Interpretation: The prediction I mentioned earlier, that change in the rodent community from one type to another might be gradual and in line with the gradual change in habitat from 1977-present, is not supported by our LDA analysis. Some sections of the time series seem to show gradual, linear change, but not the entire time series overall. Second, there are moments when there seems to be a rapid change from one community-type to another. For example, in the 1990s the rodent community samples were most similar to the dark blue community-type, until late 1999 when it was replaced by the gold and gray community-types. This fits with the evidence from Thibault and Brown 2008: the catastrophic flood in August 1999 that triggered an overhaul of the rodent community.

What’s next: This analysis hasn’t answered all the questions about how the rodent community at the Portal Project has changed over 40 years. But it’s a starting point, a big-picture view that we can use to identify different types of dynamics occurring at different times, and start to dig deeper into the causes of these dynamics. We know that communities and ecosystems all over the world are currently changing; understanding the factors that might be driving these changes is a huge step toward being able to predict and even manage future change, and the Portal Project is an example of how long-term studies with a lot of data can be used to explore these questions.

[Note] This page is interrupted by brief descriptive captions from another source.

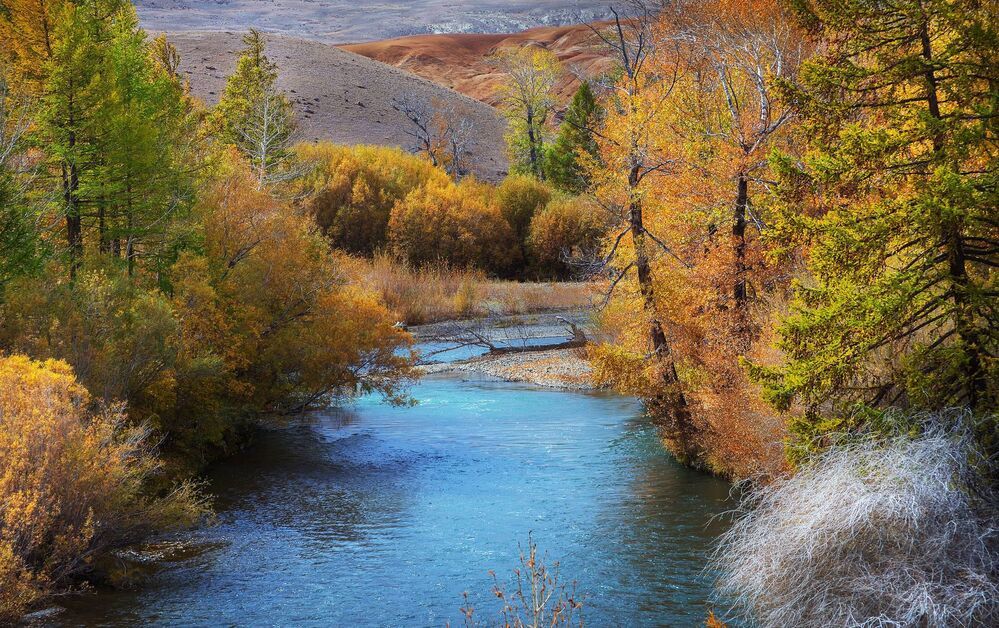 Снято на повороте в село Чаган-Узун, у дороги...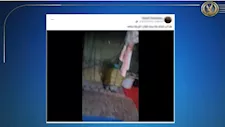 الداخلية توضح ملابسات فيديو تهديد سيدة والتعدي على أسرتها بالبحر الأحمر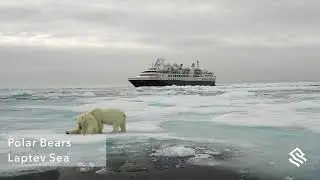 Destination Experience, Polar Bear Short, East Siberian Sea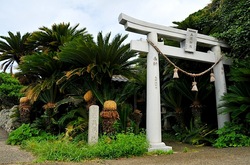 湘南藤沢から五島列島へ宇久島の三浦神社のソテツ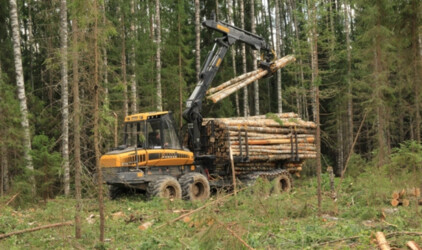 Лесные доходы бюджета в Ярославской области достигли 250 млн рублей
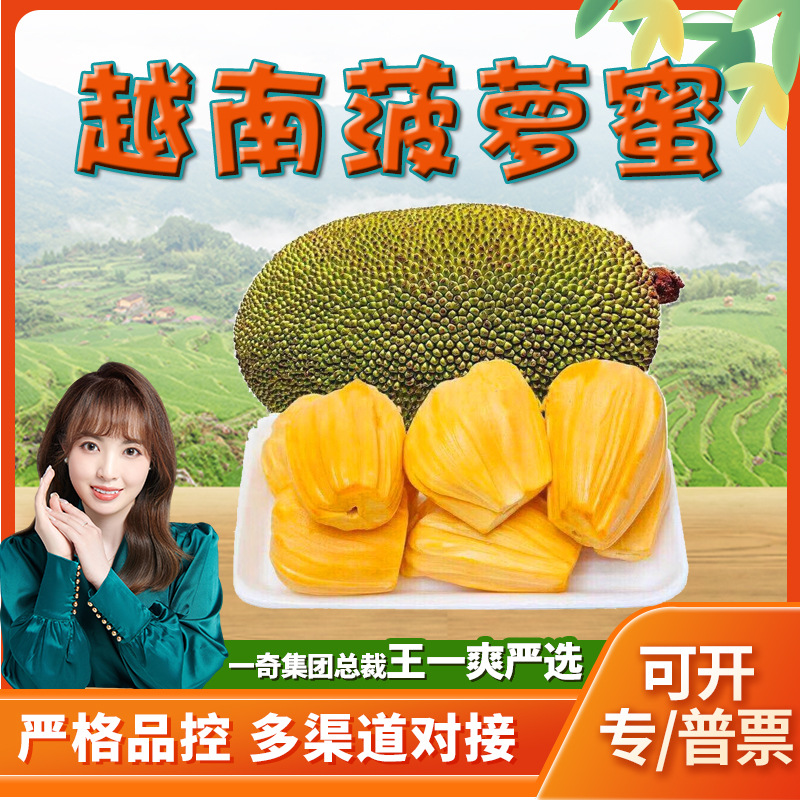 【严选】越南红肉菠萝蜜代发10斤新鲜当季老树波罗蜜整个孕妇水果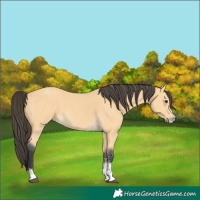 Horse Color:Buckskin Sabino 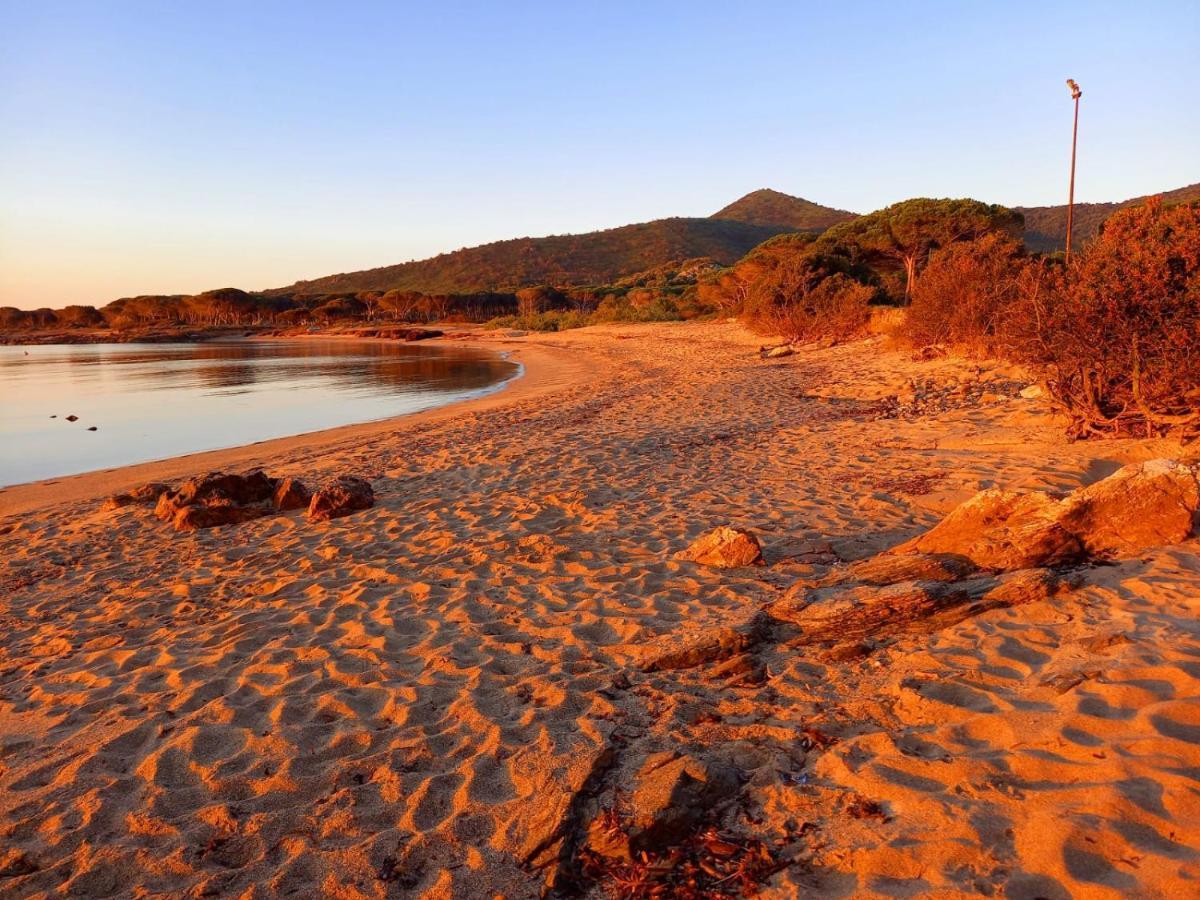 Villa Vista Pineta - 90 Mt Dalla Spiaggia Budoni Luaran gambar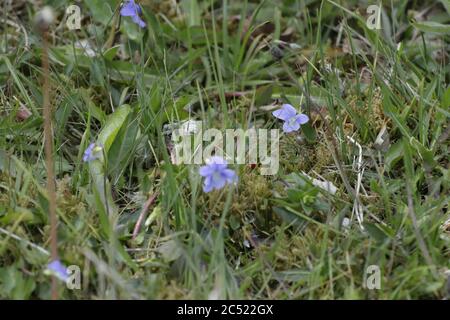 alto hirta petite fleur bleue protégée qui pousse dans les dunes Banque D'Images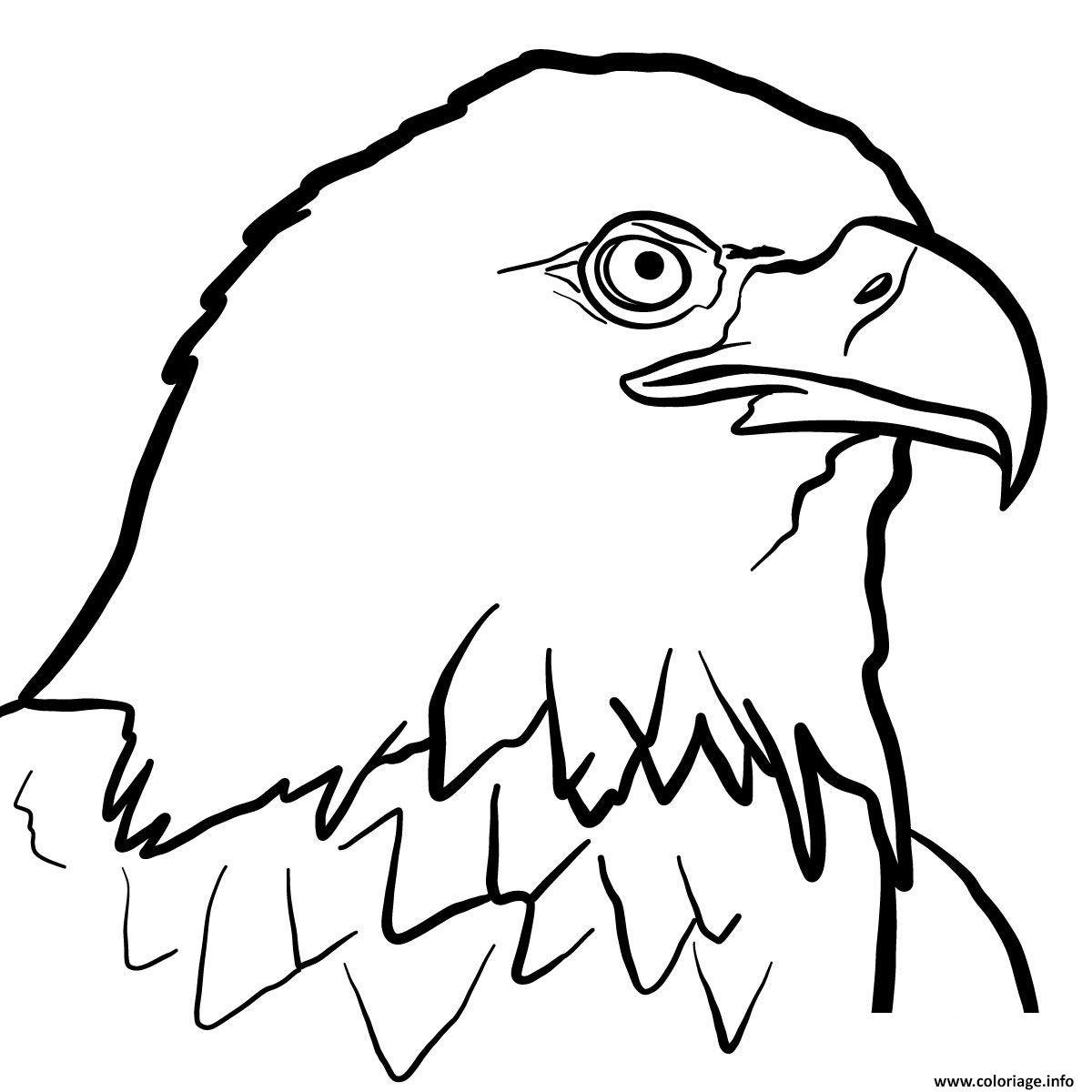 Орел рисунок. Рисунок орла для срисовки. Орел раскраска для детей. Голова орла раскраска.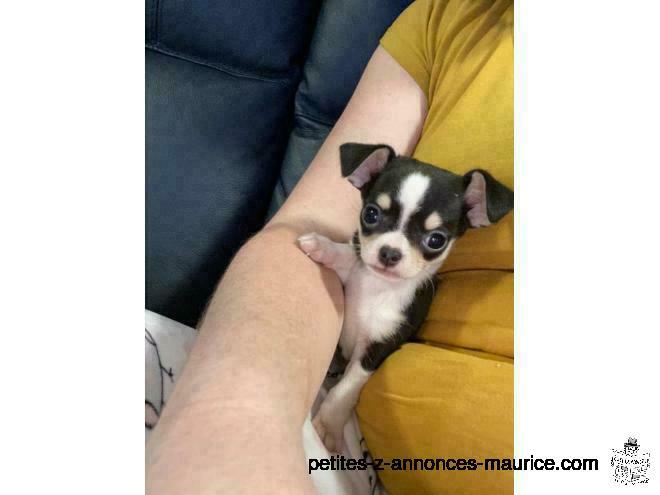 chiot chihuahua a donne pour adoption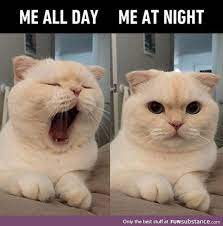Yawning Funsubstance Funny Cat Memes Funny Animal Jokes Animal Jokes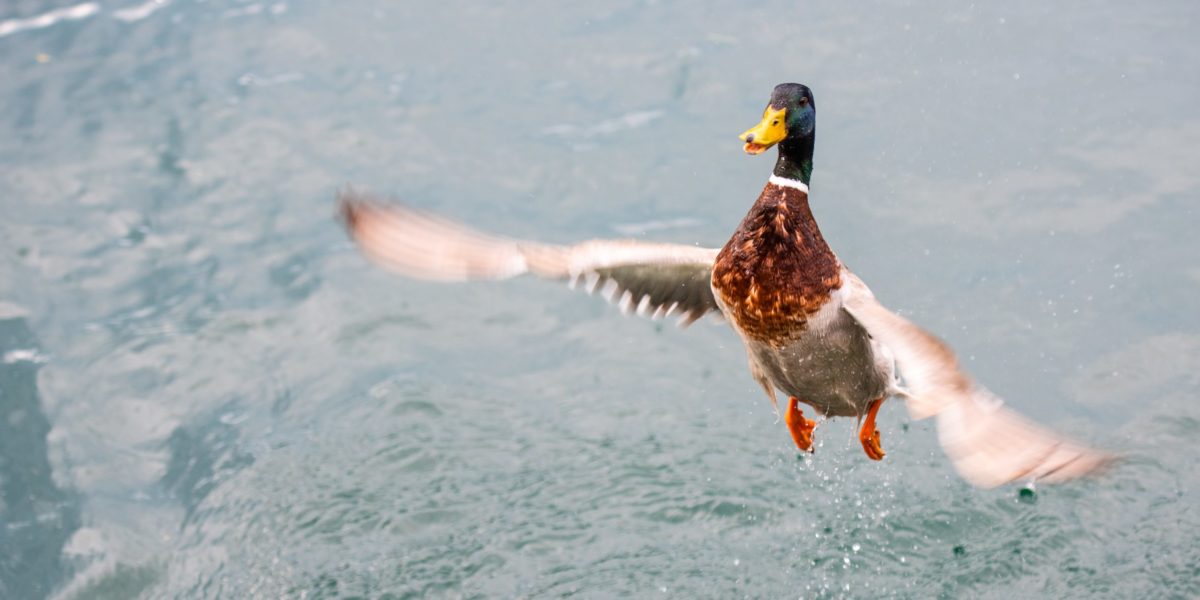 Ente fliegt von der Wasseroberfläche auf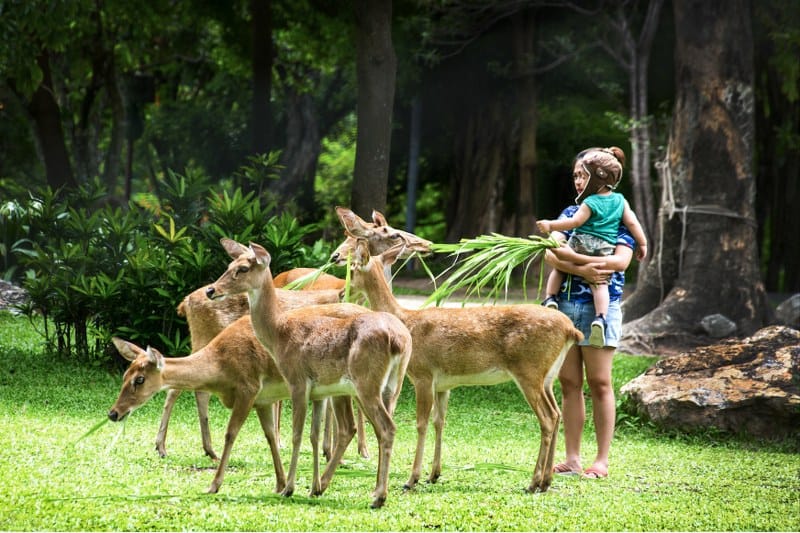גן החיות הפתוח קאו קיאו (Khao Kheow Open Zoo)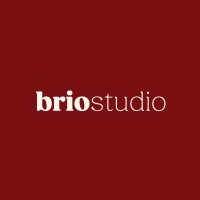 Brio Studio TR logo - Similar company to Bubu Agency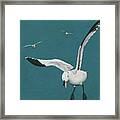 Sabine Seagulls Flying Framed Print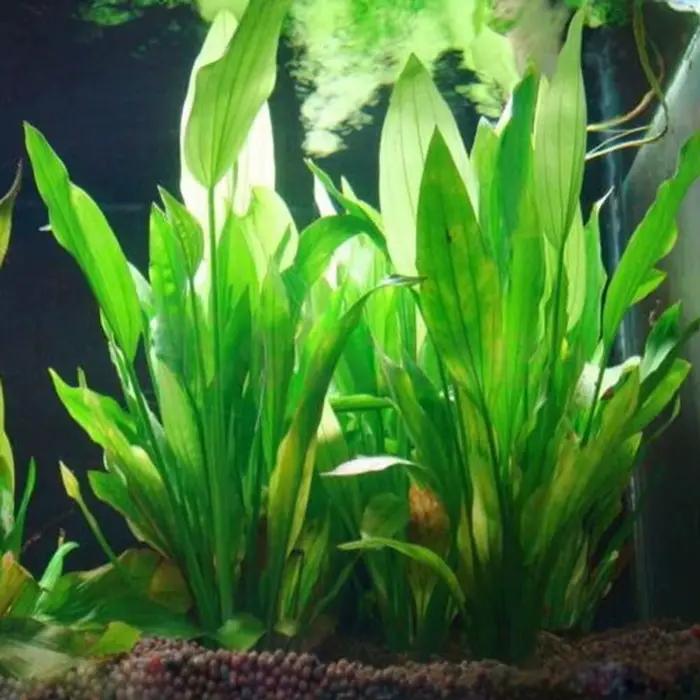 Plantes artificielles pour aquarium merveilleuses plantes sous-marines décoratives poissons cachettes habitat aquarium naturel-decoration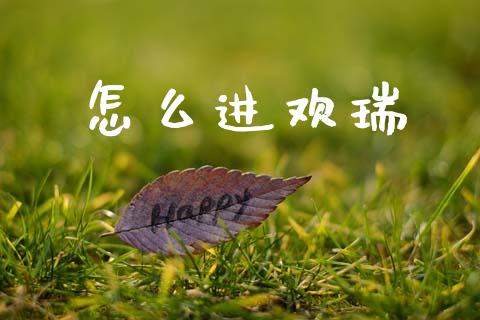 怎么进欢瑞_https://wap.lxcailiao.com_融资担保_第1张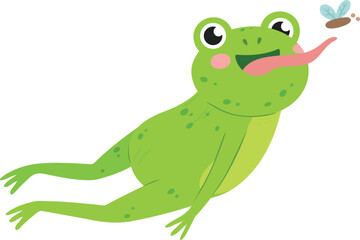 Obraz premium Frog catch flies. Fast jumping cute animal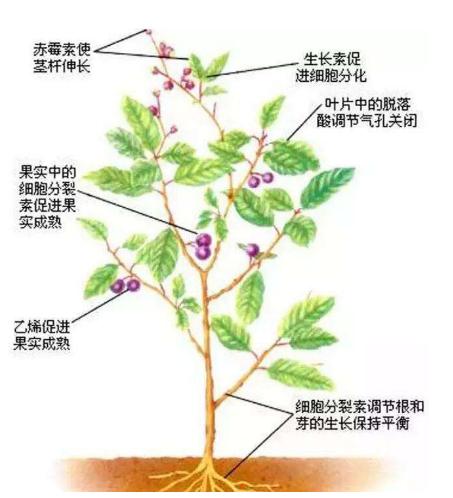 DA-6，复硝酚钠，增产胺、芸苔素各有什么优缺点？看完就懂了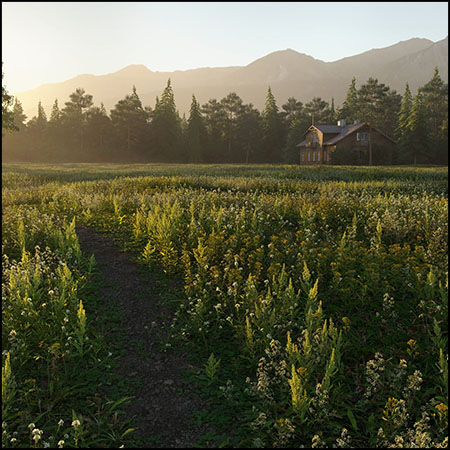 14套低多边形野草小草绿色植物素材之家精选3D模型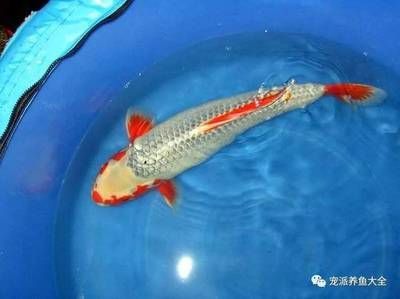 龍魚吃錦鯉肉嗎好嗎 龍魚百科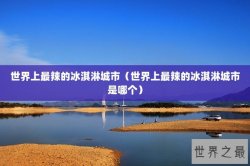 世界上最辣的冰淇淋城市（世界上最辣的冰淇淋城市是哪个）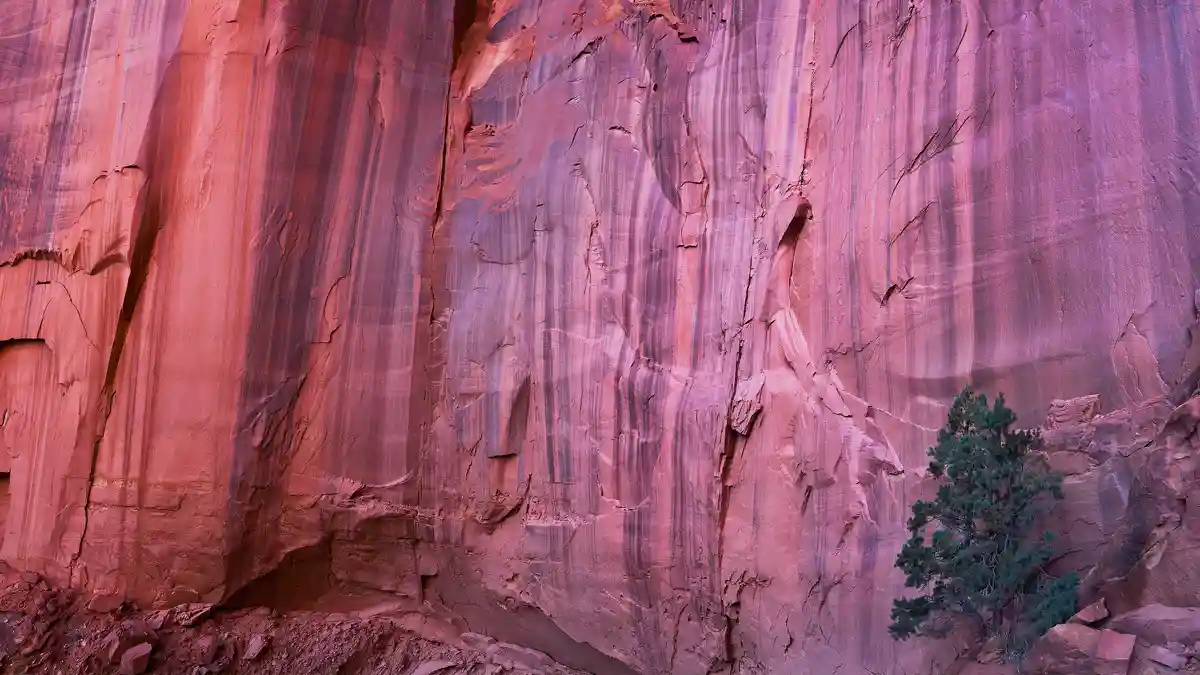 Utah's Capitol Reef National Park features chiselled red cliffs, a result of its unique geology. The park's name stems from…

For more information: My paper describing the LDA analysis in full is available online as a preprint: “Long-term community change through multiple rapid transitions in a desert rodent community” at https://doi.org/10.1101/163931

Special thanks to Joan Meiners for editing help on this post.

Literature cited:
Thibault, K.M., and J.H. Brown. (2008). Impact of an extreme climatic event on community assembly. Proceedings of the National Academy of Sciences 105, 3410–3415.

Valle, D., B. Baiser, C.W. Woodall, and R. Chazdon. (2014). Decomposing biodiversity data using the Latent Dirichlet Allocation model, a probabilistic multivariate statistical method. Ecology Letters 17, 1591–1601.